Material provided
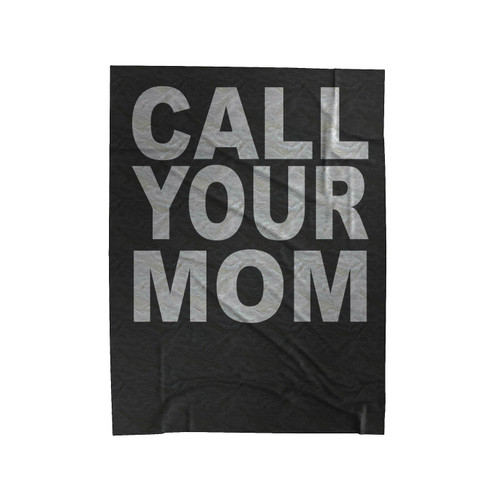 Call Your Mom Velveteen Blanket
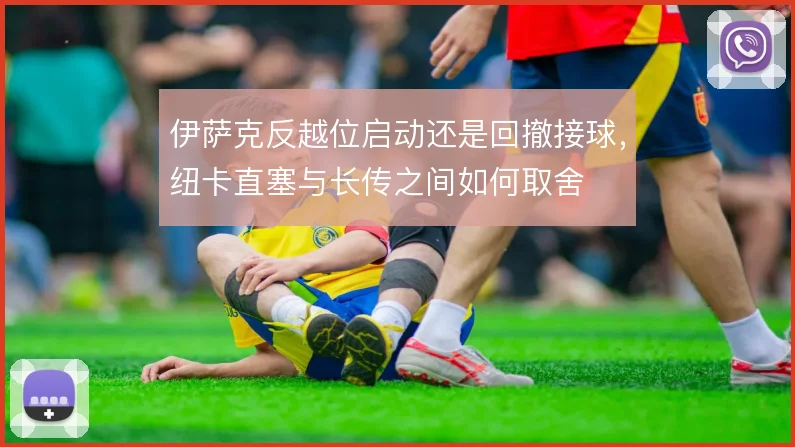 伊萨克反越位启动还是回撤接球，纽卡直塞与长传之间如何取舍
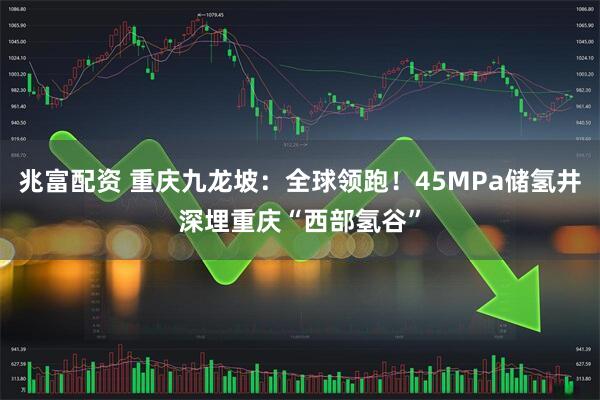 兆富配资 重庆九龙坡:全球领跑!45MPa储氢井深埋重庆“西部氢谷”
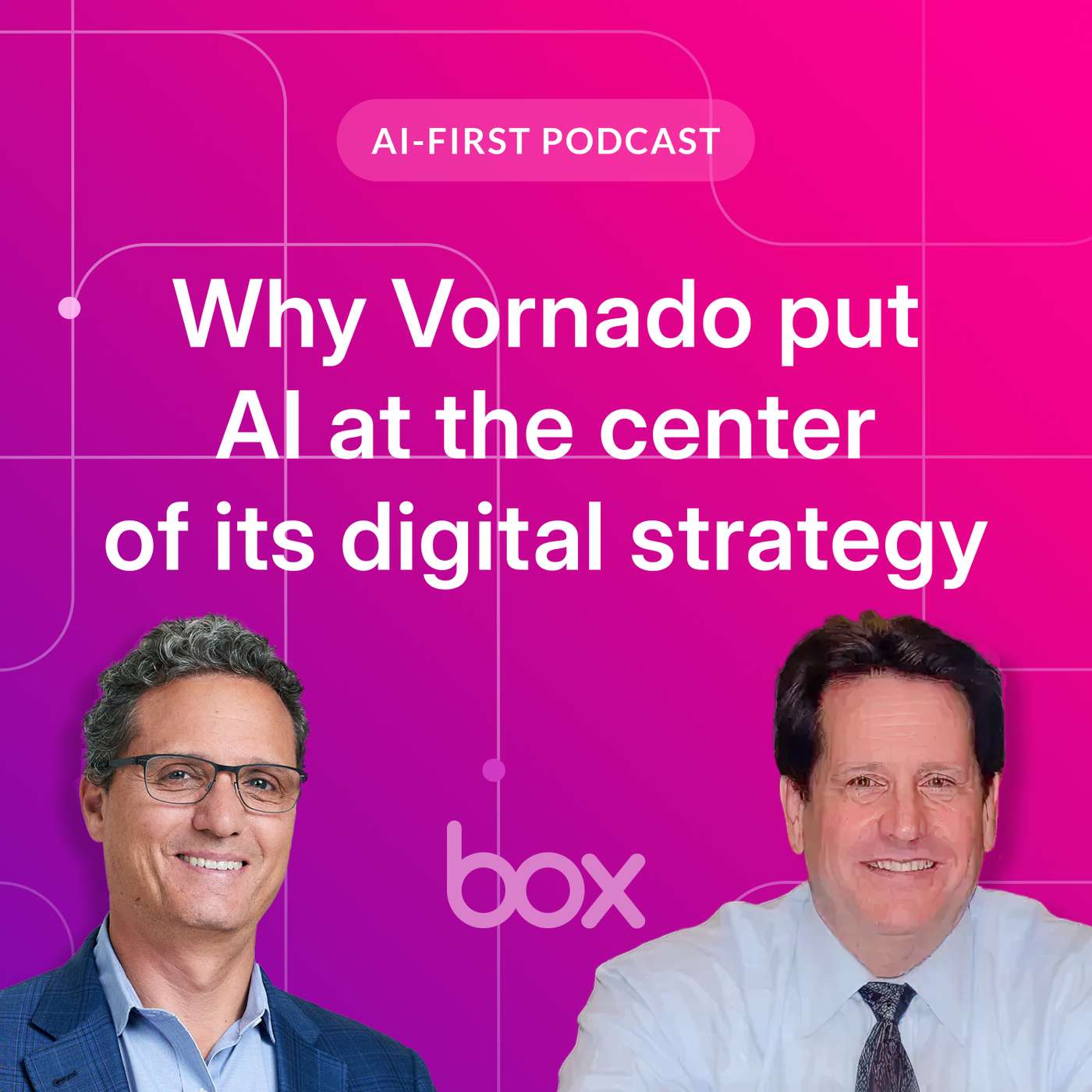 Why Vornado put AI at the center of its digital strategy | Box AI-First Podcast EP 12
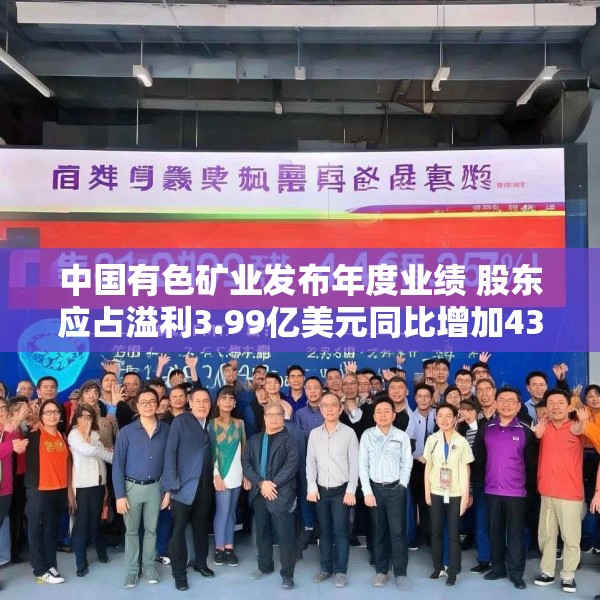 中国有色矿业发布年度业绩 股东应占溢利3.99亿美元同比增加43.53%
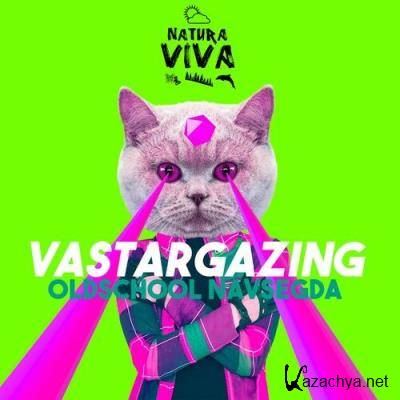 Vastargazing - Oldschool Navsegda (2022)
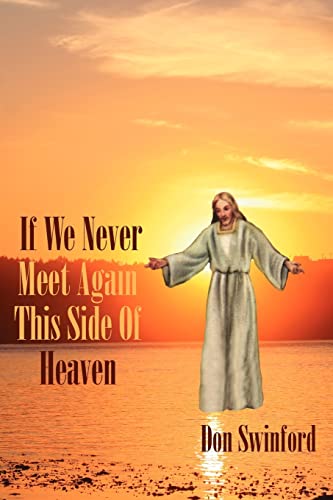 If We Never Meet Again This Side Of Heaven: ...We'll Meet on that Beautiful Shore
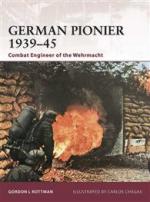 44580 - Rottman, G.L. - Warrior 146: German Pionier 1939-45. Combat Engineer of the Wehrmacht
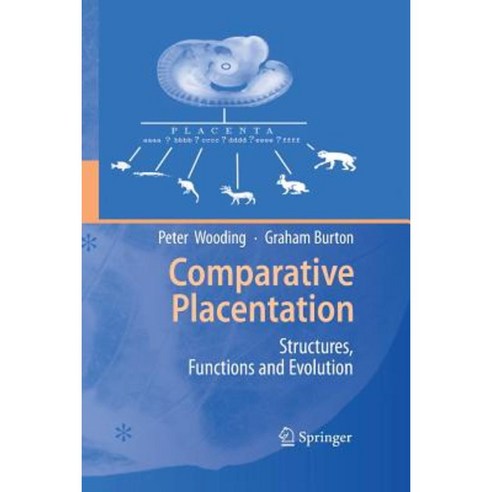 Comparative Placentation: Structures Functions and Evolution Paperback, Springer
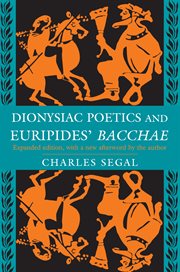 Dionysiac Poetics and Euripides' Bacchae cover image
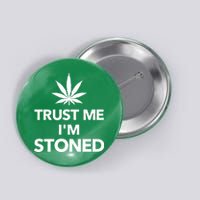 Trust Me I'm Stoned Marijuana Button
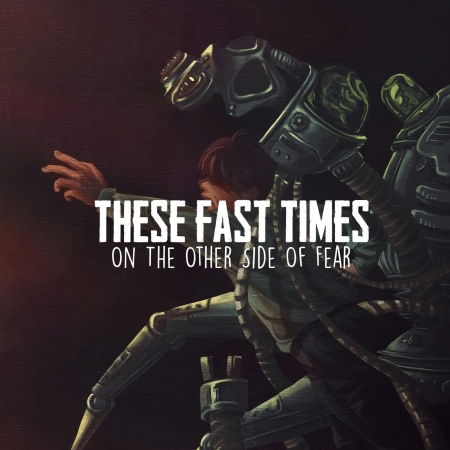 On The Other Side Of Fear - These Fast Times - Music - THOUSANDISLANDS RECORDS - 0859725477686 - January 7, 2022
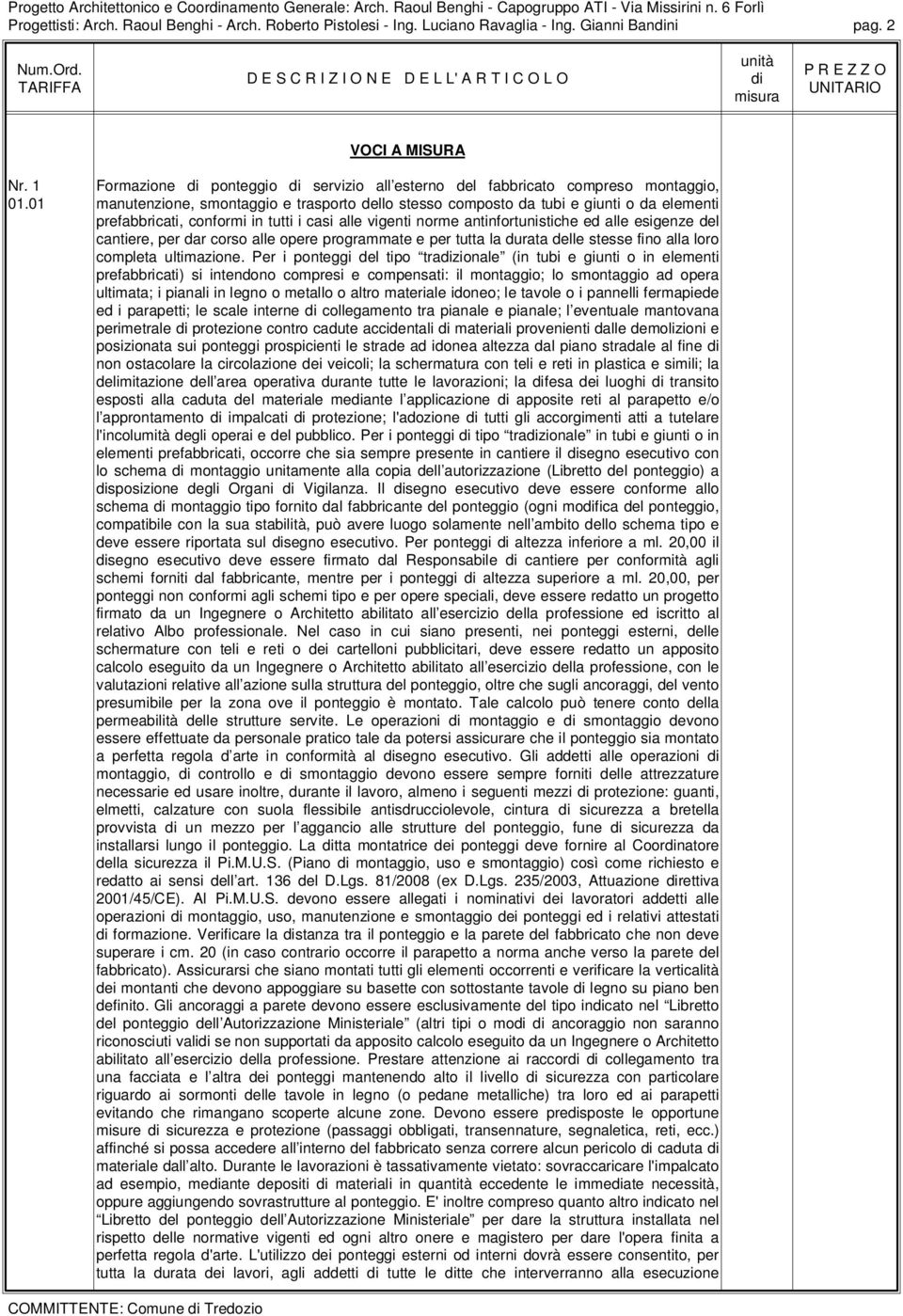 01 manutenzione, smontaggio e trasporto dello stesso composto da tubi e giunti o da elementi prefabbricati, conformi in tutti i casi alle vigenti norme antinfortunistiche ed alle esigenze del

Aim of the task
Would you copy the lines above exactly, starting with the one that has "Comparative Placentation: Structures" and ending with the one that has "On The Other", both included, without the pictures?

Result of this exercise
 Comparative Placentation: Structures Functions and Evolution Paperback, Springer
 Dionysiac Poetics and Euripides' Bacchae cover image
 Trust Me I'm Stoned Marijuana Button
 On The Other Side Of Fear - These Fast Times - Music - THOUSANDISLANDS RECORDS - 0859725477686 - January 7, 2022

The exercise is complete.